After that, I went on to some easier ones. 'white noise' was illustrated by a rosebud. 'south of the border' was simple enough once I'd decided the border in question could be Mexico, so all I needed was a tall cactus and a desiccated landscape. 'channel hopping' is a complex poem full of images, so I picked the easiest - Paris - and drew the Eiffel Tower. Iconic buildings can be useful.

Some were not so obvious. I fancied drawing Charon the ferryman for 'unto death' but in the end went for some bilberries. 'the burning of ice' could have been impossible (how do you draw burning ice?) so I drew a well-endowed white bull instead. (It makes sense if you read the poem.)

Some could only have one possible illustration. 'truth and lies' had to have a picture of Red Square as far as I'm concerned, though some readers may wonder why. The piece of railway graffiti that I used for 'close at hand' was the only possible illustration. People who used to travel from Paddington Station down to the West Country before the graffiti was removed will understand. 'the diver' was a bit of a cheat, as the image has already been used for some cover art, but I reckon plagiarising oneself is fair enough.

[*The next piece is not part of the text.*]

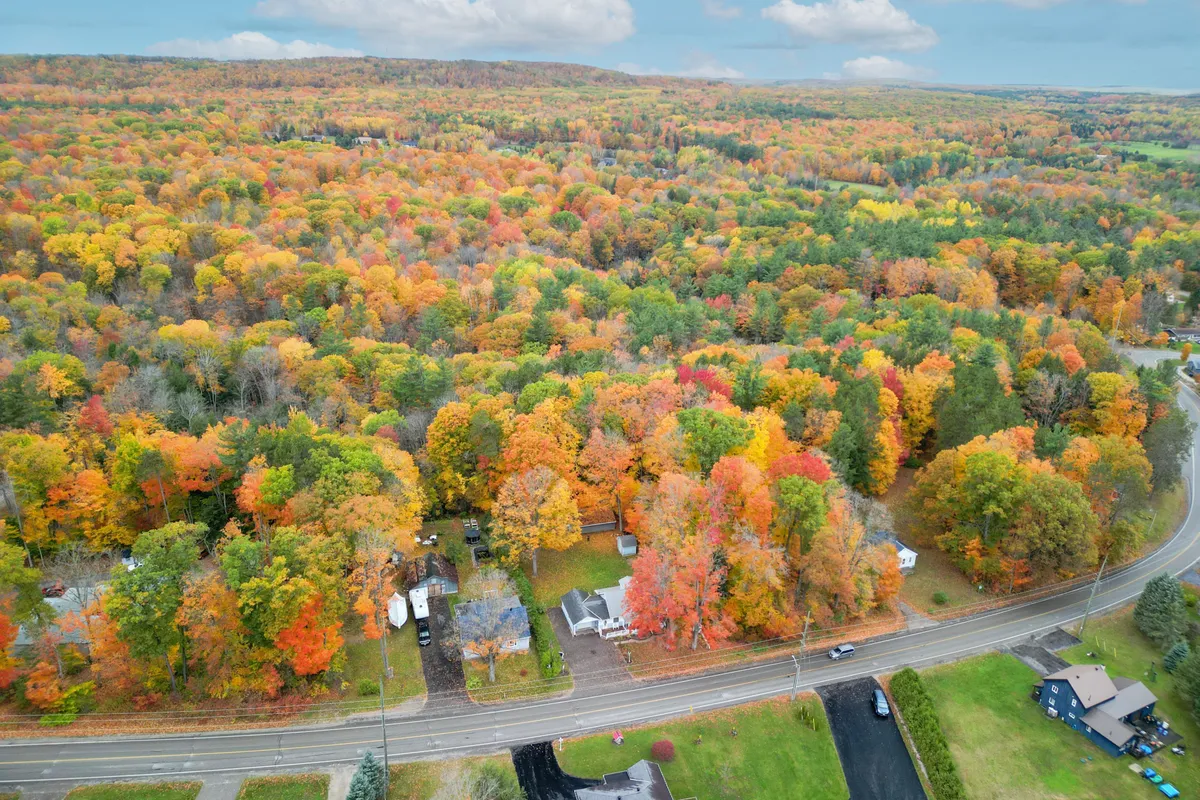 748 Overhead bridge Road, ON L9M 0V6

And 'the ballad of shane and mavis' could only be erik the snail, though making him look ten feet tall proved impossible.

Nineteen illustrations drawn so far. I reckon another half dozen will do the trick, so I'll return to this after the weekend.

LashSlash

a tall cactus and a desiccated landscape......isnt that somebody's lobe....?

marc_chagall

And finally...

The beetle's tale is about the fate of a fritillary butterfly. Just as I was about to illustrate this one, the latest edition of 'Wildlife Durham' (the journal of the Durham Wildlife Trust) dropped through the door - complete with an article on fritillaries, which was handy. (My spell checker is insisting that I mean similarities, familiarities, polarities or modalities. I'm ignoring my spell checker.)

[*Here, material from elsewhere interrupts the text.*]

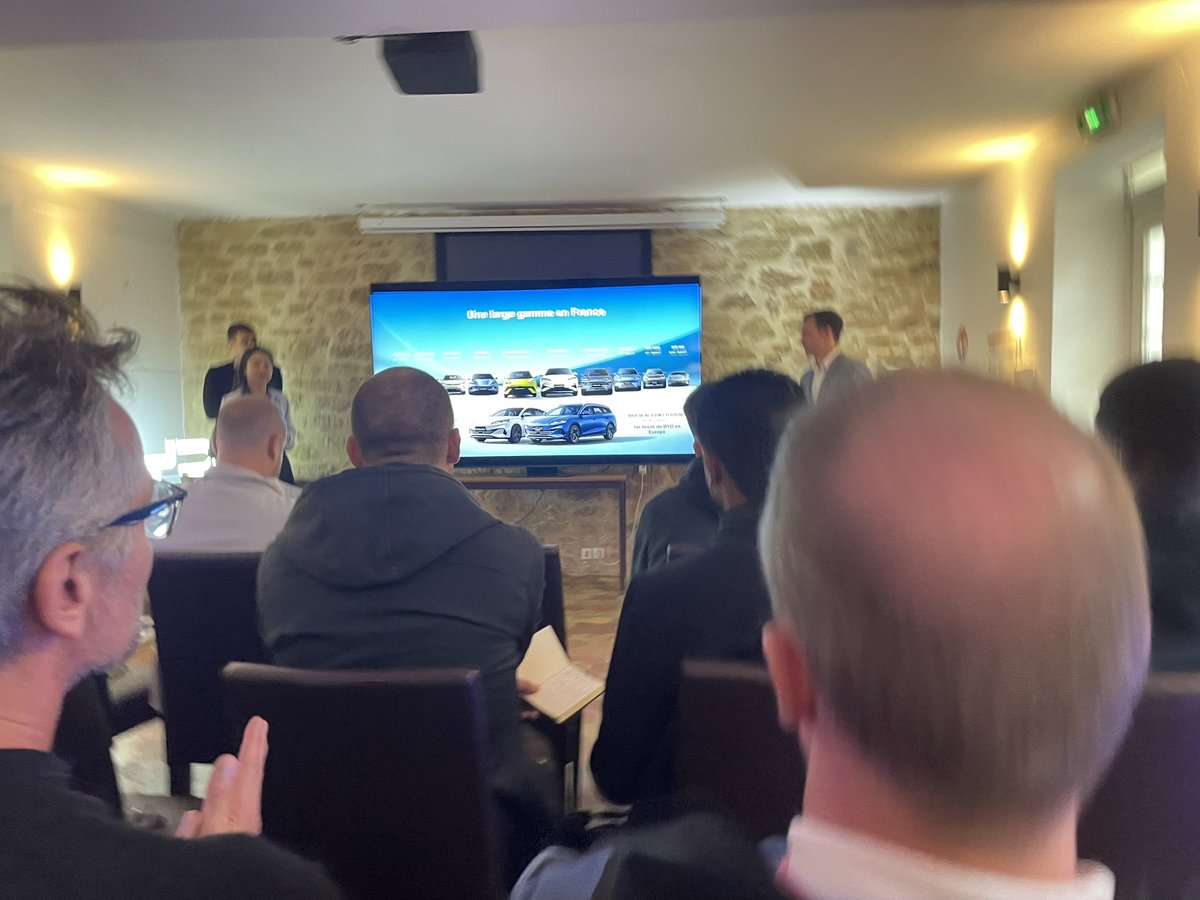 erikbielderman's tweet image. Dans les coulisses d’un essai auto 🚘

The first of the five autumn haiku is about frosted sunflowers. There's only one place to go for inspiration on how to do sunflowers. Thank you Vincent!

There's also a standalone haiku about a blackbird pulling a worm from the soil. My back yard has permanent blackbird visitors so these are birds I know visually very well, which is handy.

Crescent moon could have been a very gory illustration, but working on the principle that it's better so suggest things than to be blatant, I drew a hedgehog. These are not the easiest of creatures to get right, what with all those spines and a somewhat blobby shape, so I concentrated on its face and hinted at the rest.

Dogs might fly, and indeed do (in the poem). The paragliding pup was fun to draw, even though I fear the confines of the space available meant the perspective was necessarily awry, and the poor pup would be bound to fall from the sky.

With the giant puffball, I was back to the problem of amorphous blogs, but what can you do? I drew an amorphous blob, surrounded it with some greenery, and it somehow managed to look sufficiently fungal when seen in the context of the poem.

Conkers are easy. I grew up collecting conkers. Loved drawing them. This is one of the simplest, but possibly one of the most effective of the drawings.

And that's it!

Or so I thought. Turns out some of them needed some further tweaking to airbrush out borders and make them sit comfortably on a white page without intrusive lines down the sides; and of course this being an e-book in both ePub and mobi formats, a simple copy and paste from the original text is simply not possible, plus there are all those fun mysterious extras like writing efficient and effective metadata to consider - but we're getting there. The book will be out early in the new year, so all you lovely people who are receiving e-book readers for Christmas will have something a little out of the ordinary to read and enjoy.